Required work:
Reproduce exactly the lines from the top of the records below through the line holding "City skyscrapers reflecting".

Raw data:
Content starts

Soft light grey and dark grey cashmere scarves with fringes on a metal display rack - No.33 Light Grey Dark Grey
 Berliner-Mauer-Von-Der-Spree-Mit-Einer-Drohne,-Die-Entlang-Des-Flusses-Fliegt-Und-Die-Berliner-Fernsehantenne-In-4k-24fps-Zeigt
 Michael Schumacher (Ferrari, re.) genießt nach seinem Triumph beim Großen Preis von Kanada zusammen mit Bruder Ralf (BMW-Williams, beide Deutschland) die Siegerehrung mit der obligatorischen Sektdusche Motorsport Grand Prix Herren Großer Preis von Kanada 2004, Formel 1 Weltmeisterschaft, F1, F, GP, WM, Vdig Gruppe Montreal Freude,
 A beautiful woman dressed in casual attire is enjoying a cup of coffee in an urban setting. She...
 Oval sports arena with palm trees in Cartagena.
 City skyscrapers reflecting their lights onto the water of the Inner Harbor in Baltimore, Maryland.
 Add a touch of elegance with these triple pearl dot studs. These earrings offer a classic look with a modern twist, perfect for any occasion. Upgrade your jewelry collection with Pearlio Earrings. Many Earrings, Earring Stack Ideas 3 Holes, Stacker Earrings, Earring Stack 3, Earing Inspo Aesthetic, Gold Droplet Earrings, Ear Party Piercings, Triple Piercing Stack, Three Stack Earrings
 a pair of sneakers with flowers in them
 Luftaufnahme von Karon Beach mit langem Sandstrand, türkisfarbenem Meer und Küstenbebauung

Content ends

Solution below:
Soft light grey and dark grey cashmere scarves with fringes on a metal display rack - No.33 Light Grey Dark Grey
 Berliner-Mauer-Von-Der-Spree-Mit-Einer-Drohne,-Die-Entlang-Des-Flusses-Fliegt-Und-Die-Berliner-Fernsehantenne-In-4k-24fps-Zeigt
 Michael Schumacher (Ferrari, re.) genießt nach seinem Triumph beim Großen Preis von Kanada zusammen mit Bruder Ralf (BMW-Williams, beide Deutschland) die Siegerehrung mit der obligatorischen Sektdusche Motorsport Grand Prix Herren Großer Preis von Kanada 2004, Formel 1 Weltmeisterschaft, F1, F, GP, WM, Vdig Gruppe Montreal Freude,
 A beautiful woman dressed in casual attire is enjoying a cup of coffee in an urban setting. She...
 Oval sports arena with palm trees in Cartagena.
 City skyscrapers reflecting their lights onto the water of the Inner Harbor in Baltimore, Maryland.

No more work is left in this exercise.